H. Wat staat erover in de bruidsschat; willen we de regels aanvullen of ervan afwijken?
I. Is het aannemelijk dat de gemeente (flankerend) beleid (parkeernota, nota handhaving etcetera) heeft gemaakt voor bepaalde onderwerpen?
Let op: er kunnen ook instructieregels gelden uit de omgevingsverordening van de provincie. Daar gaan we niet op in, omdat dit kan verschillen per provincie.
Vraag 3: Hoe willen we het regelen?
Wanneer de eerste twee hoofdvragen zijn beantwoord, volgt de stap om na te denken over de plek die de regels kunnen krijgen in de gekozen structuur van het omgevingsplan.

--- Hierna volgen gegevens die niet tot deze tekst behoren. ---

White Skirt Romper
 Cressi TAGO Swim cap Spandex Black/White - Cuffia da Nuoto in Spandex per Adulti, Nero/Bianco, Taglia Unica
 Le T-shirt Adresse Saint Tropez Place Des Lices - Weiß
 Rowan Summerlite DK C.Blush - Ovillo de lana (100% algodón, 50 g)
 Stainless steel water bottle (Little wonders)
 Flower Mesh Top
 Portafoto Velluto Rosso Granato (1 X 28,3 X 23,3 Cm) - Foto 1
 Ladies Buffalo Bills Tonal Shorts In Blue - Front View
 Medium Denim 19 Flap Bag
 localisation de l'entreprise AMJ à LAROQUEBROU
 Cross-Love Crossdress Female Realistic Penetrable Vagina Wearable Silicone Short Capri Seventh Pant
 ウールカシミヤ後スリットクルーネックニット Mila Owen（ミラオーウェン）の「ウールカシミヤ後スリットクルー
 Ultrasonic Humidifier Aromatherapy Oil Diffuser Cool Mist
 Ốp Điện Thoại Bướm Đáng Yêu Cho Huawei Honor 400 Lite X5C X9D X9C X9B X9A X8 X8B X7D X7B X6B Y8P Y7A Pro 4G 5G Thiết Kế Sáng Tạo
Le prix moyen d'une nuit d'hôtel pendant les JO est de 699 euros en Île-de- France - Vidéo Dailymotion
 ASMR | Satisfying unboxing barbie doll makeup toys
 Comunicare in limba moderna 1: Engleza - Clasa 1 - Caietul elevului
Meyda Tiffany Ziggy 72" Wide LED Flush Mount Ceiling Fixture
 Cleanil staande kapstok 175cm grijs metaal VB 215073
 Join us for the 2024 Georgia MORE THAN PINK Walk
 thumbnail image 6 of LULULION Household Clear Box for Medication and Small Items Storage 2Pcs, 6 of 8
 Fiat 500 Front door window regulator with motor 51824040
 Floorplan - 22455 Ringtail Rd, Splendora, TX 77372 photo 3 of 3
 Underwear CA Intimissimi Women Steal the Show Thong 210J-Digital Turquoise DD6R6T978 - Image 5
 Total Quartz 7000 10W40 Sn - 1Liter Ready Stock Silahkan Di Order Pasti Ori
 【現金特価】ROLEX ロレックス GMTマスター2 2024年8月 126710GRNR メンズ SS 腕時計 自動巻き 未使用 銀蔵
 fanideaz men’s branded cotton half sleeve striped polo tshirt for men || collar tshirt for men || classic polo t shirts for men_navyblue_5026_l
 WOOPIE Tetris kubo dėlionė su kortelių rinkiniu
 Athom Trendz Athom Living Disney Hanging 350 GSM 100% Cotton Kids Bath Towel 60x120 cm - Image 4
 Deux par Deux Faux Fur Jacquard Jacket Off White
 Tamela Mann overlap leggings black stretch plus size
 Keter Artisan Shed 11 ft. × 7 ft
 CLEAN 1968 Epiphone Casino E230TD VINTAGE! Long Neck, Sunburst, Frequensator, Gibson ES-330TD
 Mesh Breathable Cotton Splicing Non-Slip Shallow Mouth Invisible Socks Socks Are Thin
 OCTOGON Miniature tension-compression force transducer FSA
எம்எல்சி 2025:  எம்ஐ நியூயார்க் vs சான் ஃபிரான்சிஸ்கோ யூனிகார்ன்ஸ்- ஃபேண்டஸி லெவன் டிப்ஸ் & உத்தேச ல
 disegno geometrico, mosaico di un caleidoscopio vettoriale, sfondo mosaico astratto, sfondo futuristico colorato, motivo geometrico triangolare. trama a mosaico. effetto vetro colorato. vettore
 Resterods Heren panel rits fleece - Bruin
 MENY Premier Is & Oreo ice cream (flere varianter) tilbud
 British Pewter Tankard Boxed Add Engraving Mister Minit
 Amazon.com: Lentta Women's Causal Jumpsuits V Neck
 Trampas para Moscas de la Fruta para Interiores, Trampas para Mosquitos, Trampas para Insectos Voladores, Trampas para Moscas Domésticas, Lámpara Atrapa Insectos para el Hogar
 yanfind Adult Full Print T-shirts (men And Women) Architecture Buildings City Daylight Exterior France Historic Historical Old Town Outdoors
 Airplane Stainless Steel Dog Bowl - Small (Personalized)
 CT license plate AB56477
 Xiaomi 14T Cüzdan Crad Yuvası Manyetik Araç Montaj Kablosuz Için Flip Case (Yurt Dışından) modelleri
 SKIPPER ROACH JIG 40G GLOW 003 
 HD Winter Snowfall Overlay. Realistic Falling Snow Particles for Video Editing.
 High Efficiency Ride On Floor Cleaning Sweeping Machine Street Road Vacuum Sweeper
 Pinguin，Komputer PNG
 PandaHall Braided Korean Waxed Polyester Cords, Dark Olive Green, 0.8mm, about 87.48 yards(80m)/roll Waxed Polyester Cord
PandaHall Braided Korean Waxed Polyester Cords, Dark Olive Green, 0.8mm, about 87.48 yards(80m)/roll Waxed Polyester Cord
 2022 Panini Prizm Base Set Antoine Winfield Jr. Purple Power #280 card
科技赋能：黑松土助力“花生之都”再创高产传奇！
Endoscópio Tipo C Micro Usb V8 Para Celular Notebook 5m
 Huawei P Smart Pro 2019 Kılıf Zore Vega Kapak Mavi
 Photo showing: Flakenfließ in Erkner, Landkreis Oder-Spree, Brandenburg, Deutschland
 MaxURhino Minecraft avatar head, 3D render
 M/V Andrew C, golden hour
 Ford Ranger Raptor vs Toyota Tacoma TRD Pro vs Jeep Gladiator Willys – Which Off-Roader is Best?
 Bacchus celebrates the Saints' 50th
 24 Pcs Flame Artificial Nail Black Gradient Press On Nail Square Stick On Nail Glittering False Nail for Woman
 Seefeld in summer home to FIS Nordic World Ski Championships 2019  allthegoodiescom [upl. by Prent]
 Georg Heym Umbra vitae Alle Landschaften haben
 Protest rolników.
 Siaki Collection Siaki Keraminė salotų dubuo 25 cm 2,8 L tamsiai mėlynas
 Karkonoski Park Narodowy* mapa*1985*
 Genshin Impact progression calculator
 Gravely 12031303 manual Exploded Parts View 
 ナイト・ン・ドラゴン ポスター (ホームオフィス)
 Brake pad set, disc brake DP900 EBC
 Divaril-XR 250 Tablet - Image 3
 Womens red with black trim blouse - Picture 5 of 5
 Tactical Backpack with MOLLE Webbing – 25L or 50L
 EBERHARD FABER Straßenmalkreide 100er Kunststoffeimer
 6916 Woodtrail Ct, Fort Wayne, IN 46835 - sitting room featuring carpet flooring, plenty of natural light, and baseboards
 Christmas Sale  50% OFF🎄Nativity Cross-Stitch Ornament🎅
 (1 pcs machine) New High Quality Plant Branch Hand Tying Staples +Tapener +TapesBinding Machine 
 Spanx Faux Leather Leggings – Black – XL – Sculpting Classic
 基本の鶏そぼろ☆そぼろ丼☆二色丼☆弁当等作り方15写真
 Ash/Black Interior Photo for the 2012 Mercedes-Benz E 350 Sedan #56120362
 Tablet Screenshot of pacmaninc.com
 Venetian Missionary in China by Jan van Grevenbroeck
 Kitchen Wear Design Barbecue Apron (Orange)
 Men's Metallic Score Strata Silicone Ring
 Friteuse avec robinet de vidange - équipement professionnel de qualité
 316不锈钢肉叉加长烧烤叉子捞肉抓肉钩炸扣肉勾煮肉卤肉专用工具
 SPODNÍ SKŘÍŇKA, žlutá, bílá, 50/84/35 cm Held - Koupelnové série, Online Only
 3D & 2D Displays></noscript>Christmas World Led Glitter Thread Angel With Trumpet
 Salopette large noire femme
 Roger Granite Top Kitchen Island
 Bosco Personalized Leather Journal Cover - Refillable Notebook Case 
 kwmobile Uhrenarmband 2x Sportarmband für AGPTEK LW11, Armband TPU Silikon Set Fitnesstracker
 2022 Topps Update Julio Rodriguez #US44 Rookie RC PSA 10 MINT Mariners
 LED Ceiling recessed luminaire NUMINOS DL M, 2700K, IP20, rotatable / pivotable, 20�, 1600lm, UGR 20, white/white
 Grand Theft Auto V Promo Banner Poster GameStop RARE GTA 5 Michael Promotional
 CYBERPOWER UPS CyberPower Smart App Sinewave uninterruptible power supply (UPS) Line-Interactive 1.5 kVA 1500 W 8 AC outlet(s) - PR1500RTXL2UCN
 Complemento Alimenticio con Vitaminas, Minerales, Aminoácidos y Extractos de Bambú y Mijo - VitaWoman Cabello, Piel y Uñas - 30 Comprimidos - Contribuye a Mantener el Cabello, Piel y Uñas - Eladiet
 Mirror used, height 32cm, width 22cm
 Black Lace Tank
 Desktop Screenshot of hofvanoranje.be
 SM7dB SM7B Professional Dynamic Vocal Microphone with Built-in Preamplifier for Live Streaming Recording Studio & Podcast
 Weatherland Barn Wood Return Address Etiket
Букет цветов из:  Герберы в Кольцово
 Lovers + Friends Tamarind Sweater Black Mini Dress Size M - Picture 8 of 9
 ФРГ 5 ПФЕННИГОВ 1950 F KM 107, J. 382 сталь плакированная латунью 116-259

In de derde en laatste hoofdvraag maken we aan de hand van subvragen een beredeneerde keuze voor een thematische of gebiedsgerichte omzetting van het onderwerp en het bijbehorende regeltype.
Subvragen:
J. De doelen, de activiteiten en de oogmerken voor het stellen van activiteiten zijn helder. Gaat het om regels voor het hele grondgebied of om specifieke regels voor een gebiedstype?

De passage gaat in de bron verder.